Distributed Training
Author: Gang Li, Xiyuan Wei, Tianbao Yang
Introduction
This tutorial demonstrates how to perform distributed training with LibAUC. We provide example scripts for:
Optimizing AUCMLoss + PESG for AUROC
Optimizing APLoss + SOAP for AUPRC
Optimizing NDCGLoss + SONG for NDCG
Download example scripts from examples folder in LibAUC Repository. Run the following comand based on number of GPUs you have.
The entry command is:
torchrun --nproc_per_node=<NUM_GPUS> 20_Distributed_Training_for_Optimizing_AUROC.py
# or torchrun --nproc_per_node=<NUM_GPUS> 20_Distributed_Training_for_Optimizing_AUPRC.py
# or torchrun --nproc_per_node=<NUM_GPUS> 20_Distributed_Training_for_Optimizing_NDCG.py
Customize Your Training
Feel free to adapt these scripts to suit your specific training needs. Below are some key points to support distributed training with LibAUC.

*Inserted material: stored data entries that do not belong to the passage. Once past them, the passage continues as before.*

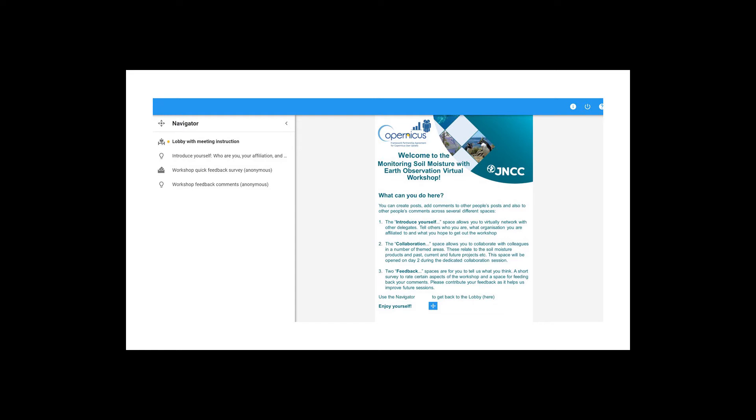We've also given you a space to introduce yourself to others, a little bit of networking space which is available through this link. We will also be using this space tomorrow for the collaboration session. That session is not open at the minute; we will open that tomorrow afternoon and that specific session will be open and available until the 29th of July. So don't worry if you haven't been able to interact with as many people as you would like — you have two weeks after this event to do so if you so wish.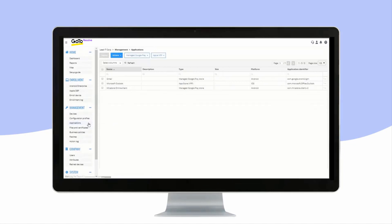In Applications, you see a list of all of your apps. You can add new apps by clicking Actions and Add.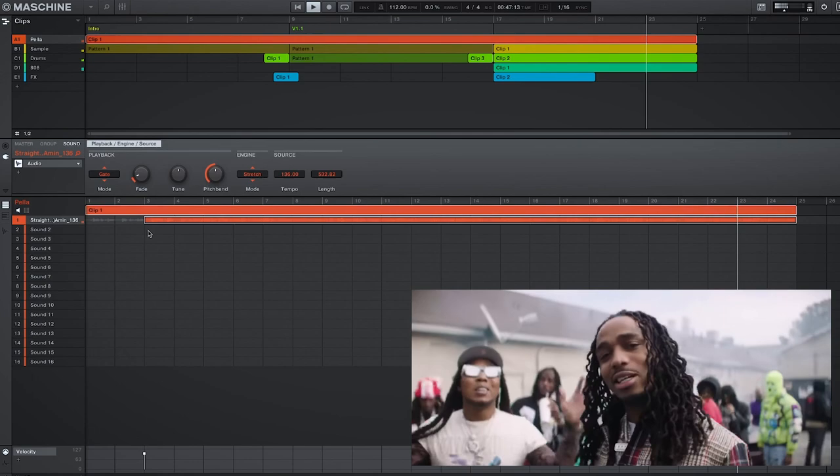All right guys, so that was just a handful of ways you can utilize clips within Machine. Down in the comments, let me know how you use clips. And with that said, hit that thumbs up button if you haven't already, and happy beat making. Peace.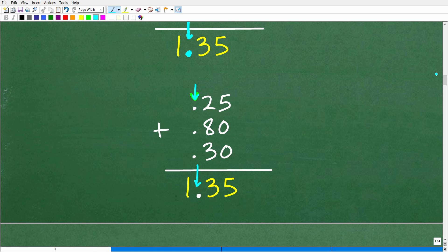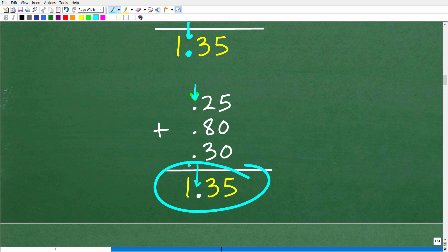This is just a quick review on how to add decimals — by no means a full lesson on adding, subtracting, dividing, or multiplying decimals. The answer is 1.35. Now let's look at another way to do this problem for those who prefer working with fractions rather than decimals.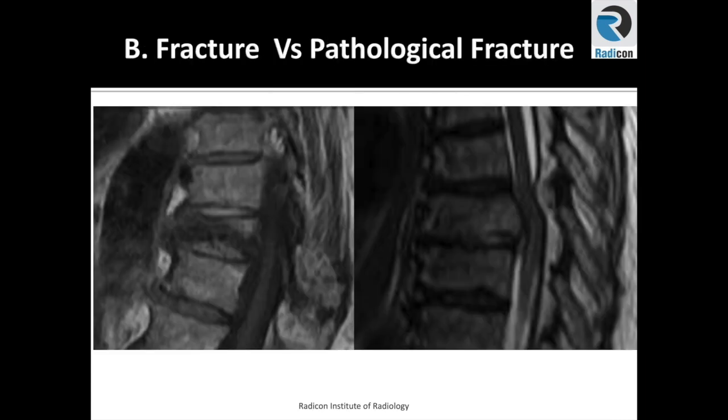The sixth case shows two fractures. In both images there are vertebral body fractures. It is important to exclude a pathological fracture. But how do we do that? What are the differentiating features between benign and pathological fractures?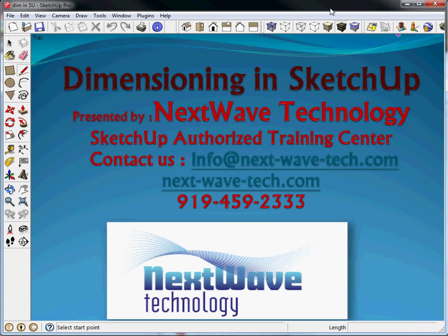Hello and welcome to my presentation Dimensioning and SketchUp. This is Paul Benbow, Next Wave Technology. We're a SketchUp authorized training center. You can contact us easily at info at nextwavetech.com, www.nextwavetech.com is our website, or you could call us 919-459-2333.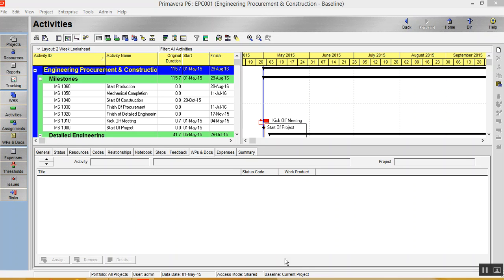I'll just explain the second method of creating S-Curve. The second method is you export the data in Excel sheet and you work.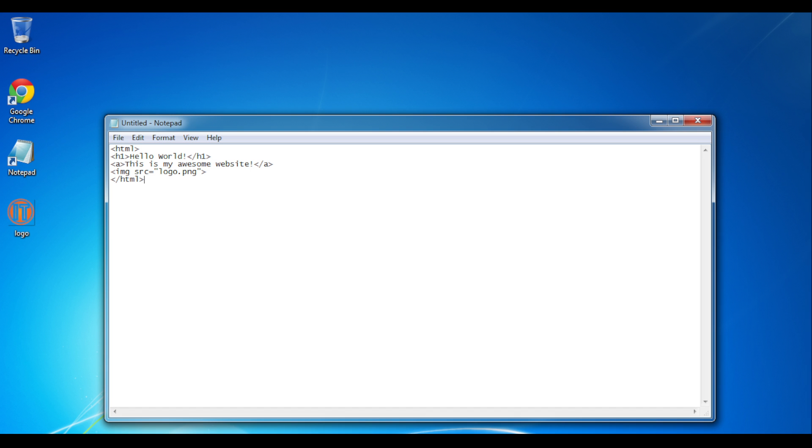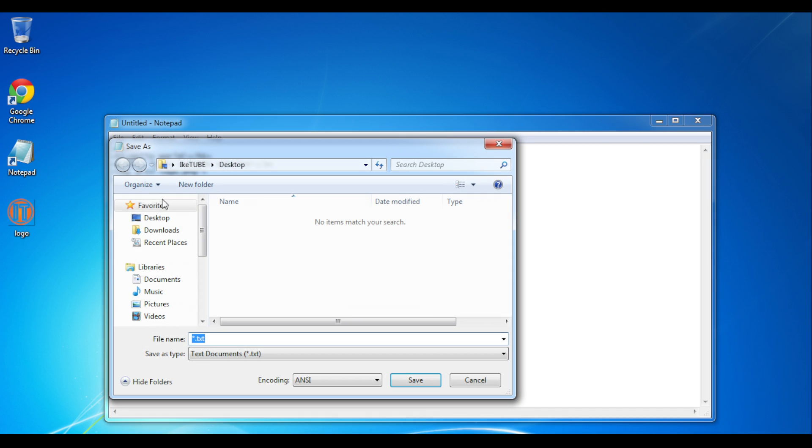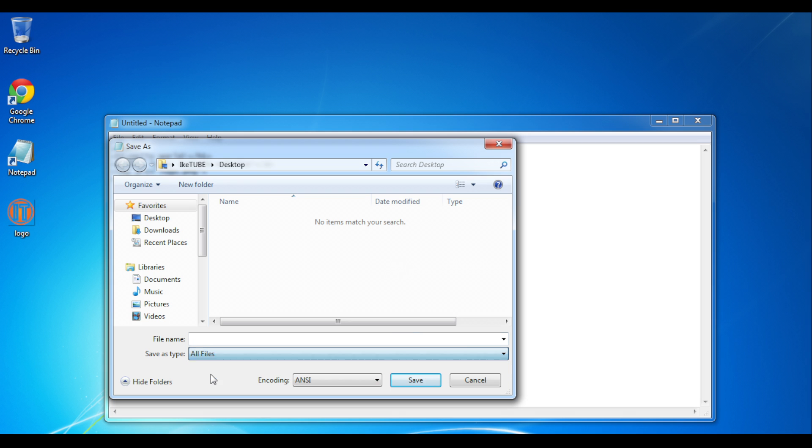Now that we've completed our HTML, we can then go to File, Save As, select All Files so that your browser can read the code, and then type in your file name. Make sure it ends in .html.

Use DistributedDualSampler or DistributedTriSampler as your train_sampler.
Pass device as an argument to your loss function and optimzer. For example,
loss_fn = APLoss(data_len=len(trainSet), margin=margin, gamma=gamma, device=device)
optimizer = SOAP(model.parameters(), lr=lr, mode='adam', weight_decay=weight_decay, device=device)